■ **WHAT THIS TASK INVOLVES**: The lines below, from the one holding "Contact Lens Application" through the one holding "Photo of Abby holding her award.", are to be restated word for word, with all images left out.

■ **Stored items from a collection**:
--------------------
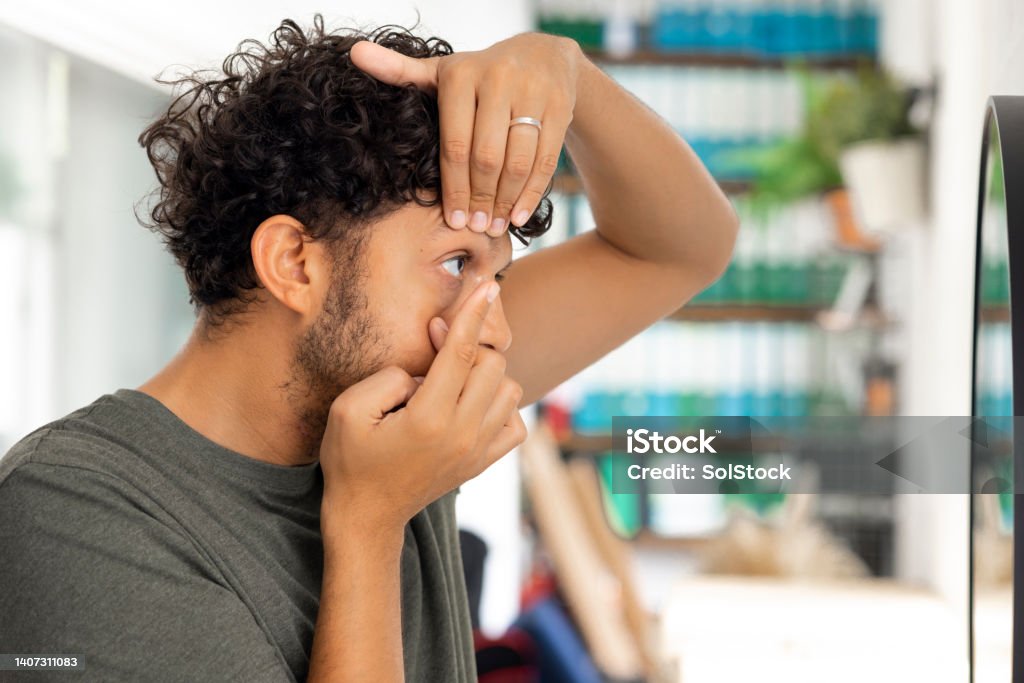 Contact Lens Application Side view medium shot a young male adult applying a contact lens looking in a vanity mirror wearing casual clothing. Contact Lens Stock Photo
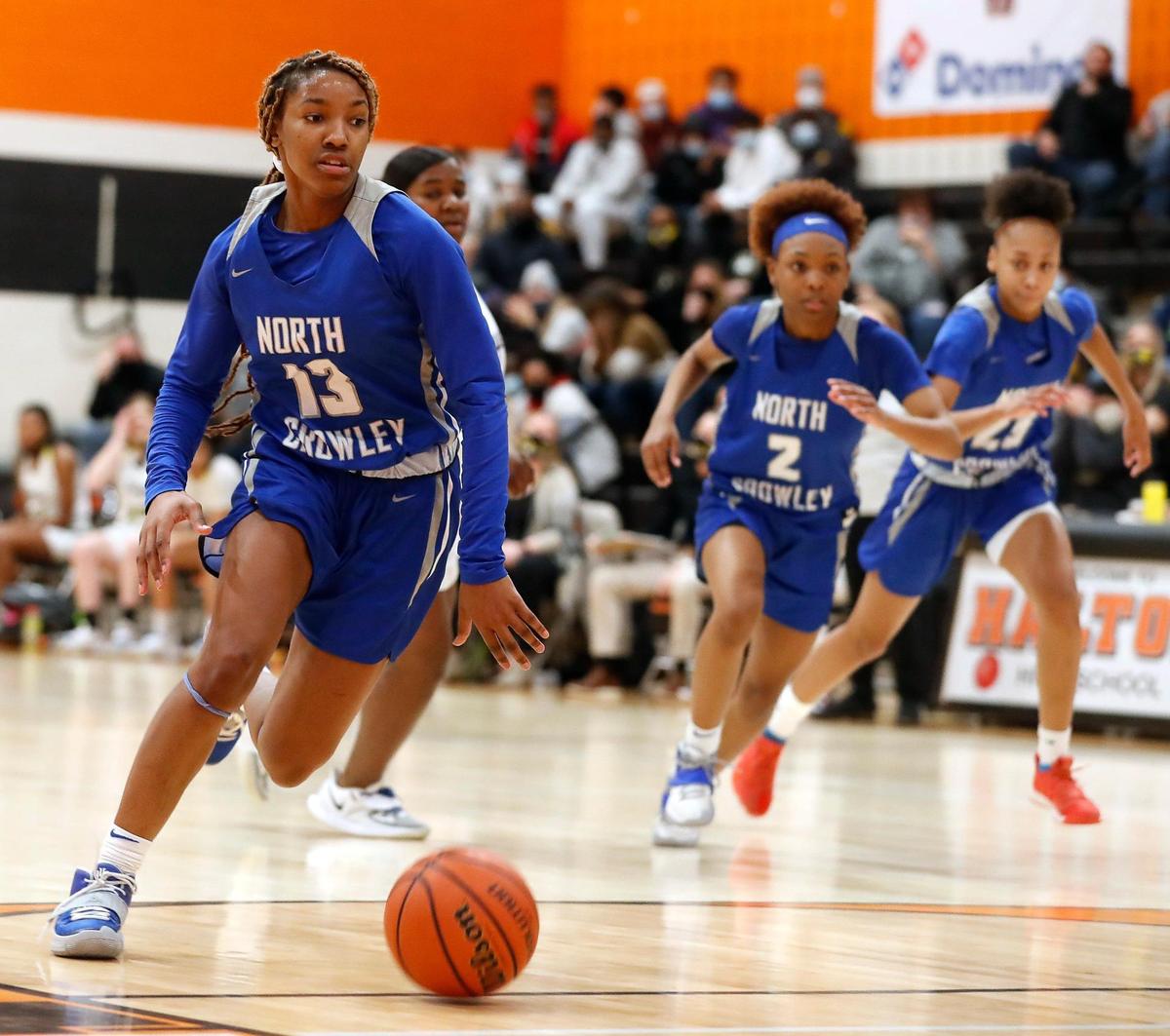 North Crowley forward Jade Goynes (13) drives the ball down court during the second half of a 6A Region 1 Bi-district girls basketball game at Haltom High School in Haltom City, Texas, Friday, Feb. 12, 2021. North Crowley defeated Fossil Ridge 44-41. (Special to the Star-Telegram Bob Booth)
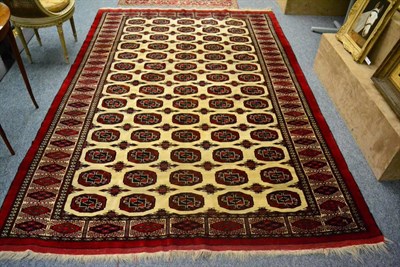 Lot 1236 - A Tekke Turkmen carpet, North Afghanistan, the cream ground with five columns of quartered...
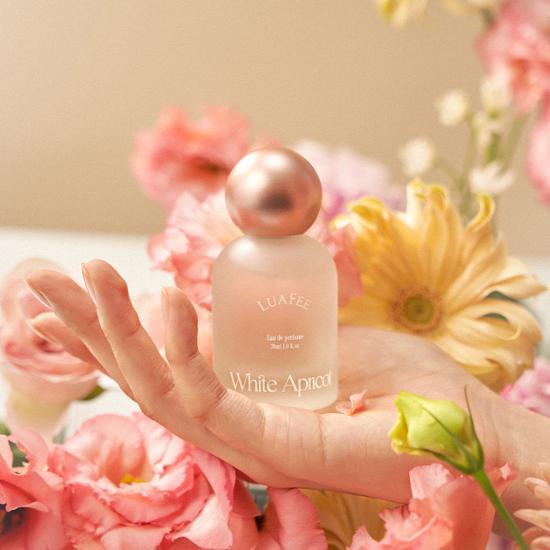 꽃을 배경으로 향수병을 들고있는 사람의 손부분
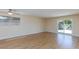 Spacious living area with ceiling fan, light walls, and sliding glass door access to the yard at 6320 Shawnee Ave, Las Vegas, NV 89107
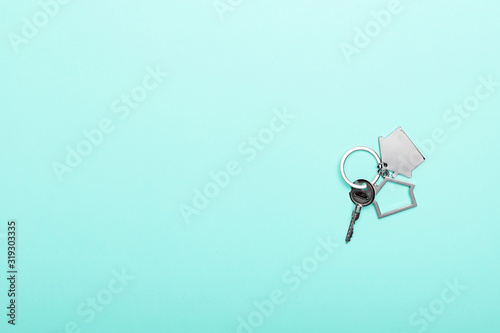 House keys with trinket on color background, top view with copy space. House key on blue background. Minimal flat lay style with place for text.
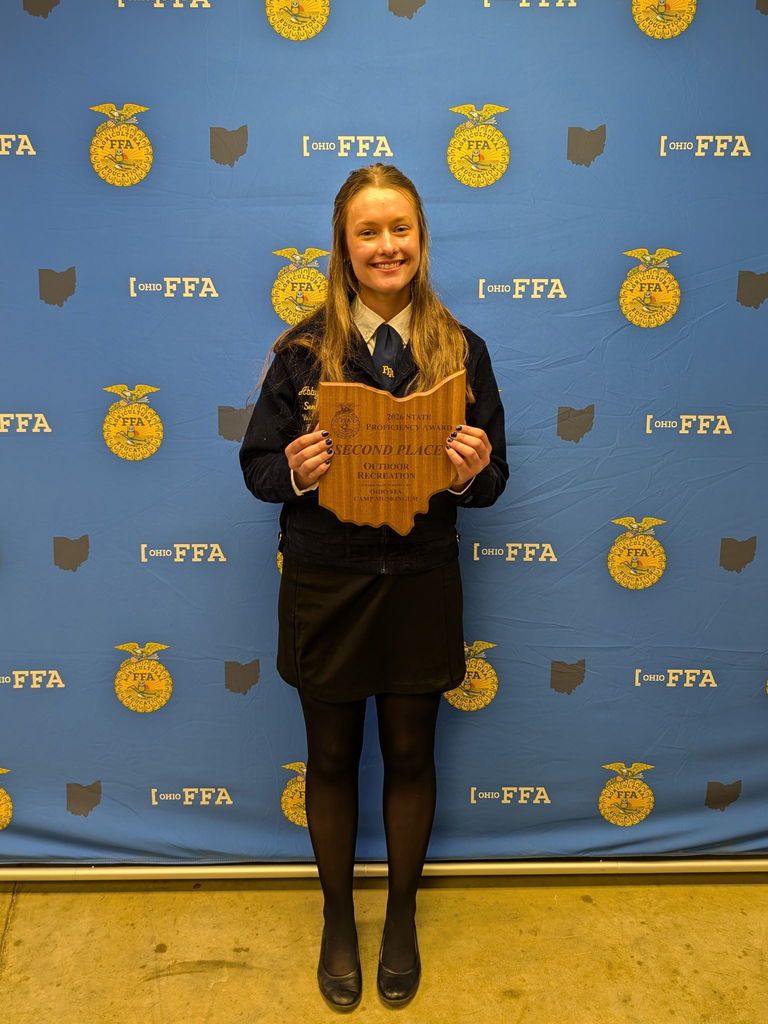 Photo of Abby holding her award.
--------------------
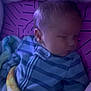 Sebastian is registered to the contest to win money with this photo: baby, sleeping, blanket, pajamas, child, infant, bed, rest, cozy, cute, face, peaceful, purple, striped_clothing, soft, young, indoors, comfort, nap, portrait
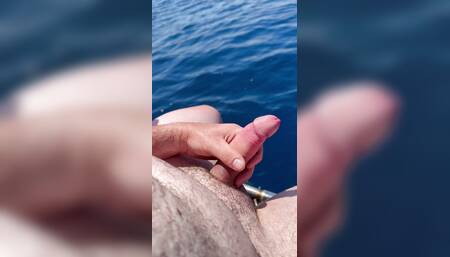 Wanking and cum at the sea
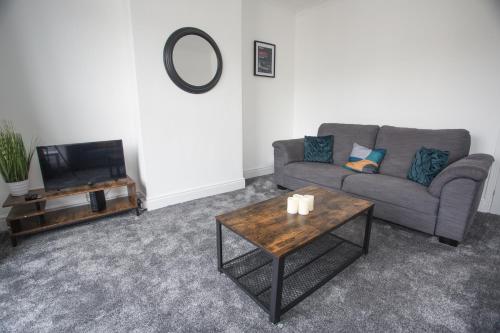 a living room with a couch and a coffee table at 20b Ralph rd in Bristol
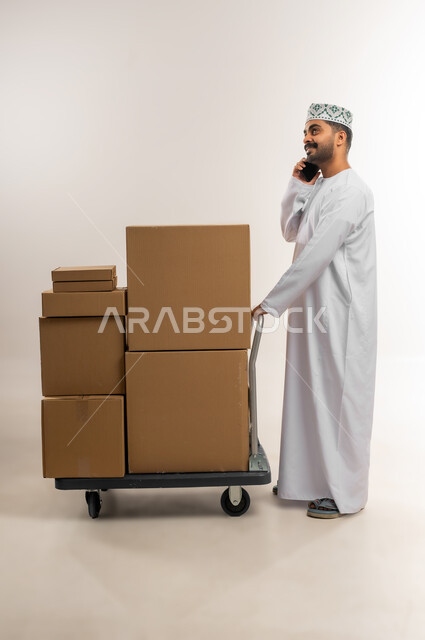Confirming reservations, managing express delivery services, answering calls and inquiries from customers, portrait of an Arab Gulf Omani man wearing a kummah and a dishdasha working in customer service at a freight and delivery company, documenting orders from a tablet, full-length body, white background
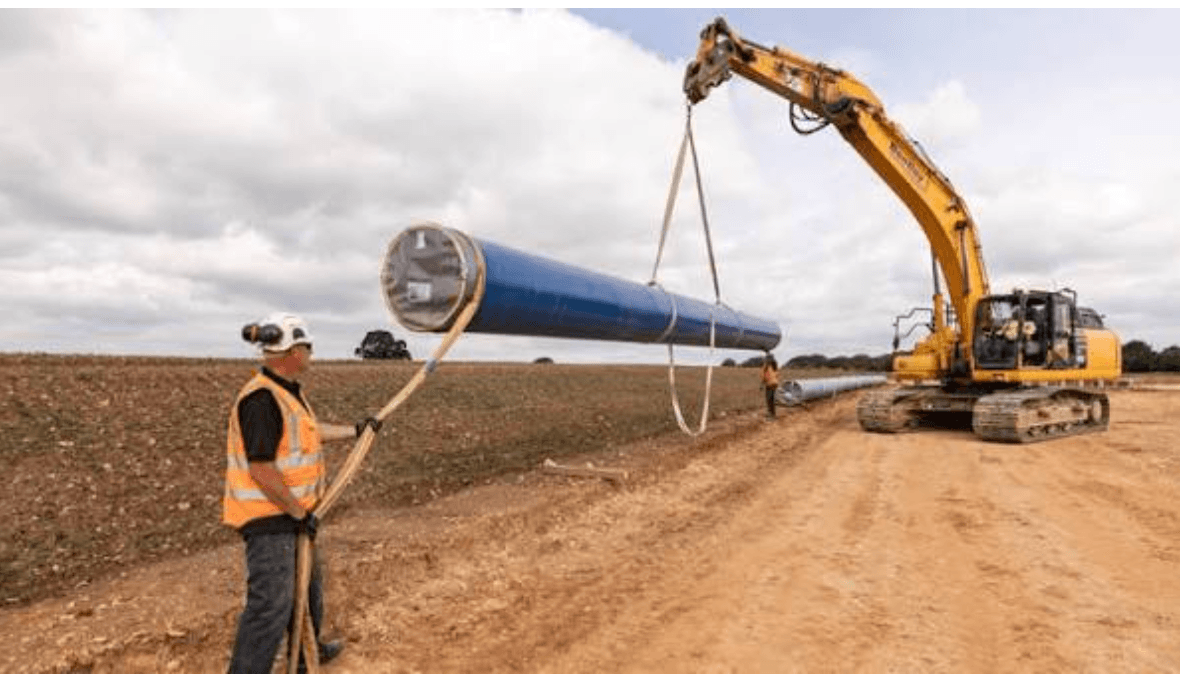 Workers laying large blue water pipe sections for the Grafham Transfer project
--------------------
■ **ANSWER TO THIS TASK**:
 Contact Lens Application Side view medium shot a young male adult applying a contact lens looking in a vanity mirror wearing casual clothing. Contact Lens Stock Photo
 North Crowley forward Jade Goynes (13) drives the ball down court during the second half of a 6A Region 1 Bi-district girls basketball game at Haltom High School in Haltom City, Texas, Friday, Feb. 12, 2021. North Crowley defeated Fossil Ridge 44-41. (Special to the Star-Telegram Bob Booth)
 Lot 1236 - A Tekke Turkmen carpet, North Afghanistan, the cream ground with five columns of quartered...
 꽃을 배경으로 향수병을 들고있는 사람의 손부분
 Spacious living area with ceiling fan, light walls, and sliding glass door access to the yard at 6320 Shawnee Ave, Las Vegas, NV 89107
 House keys with trinket on color background, top view with copy space. House key on blue background. Minimal flat lay style with place for text.
 Photo of Abby holding her award.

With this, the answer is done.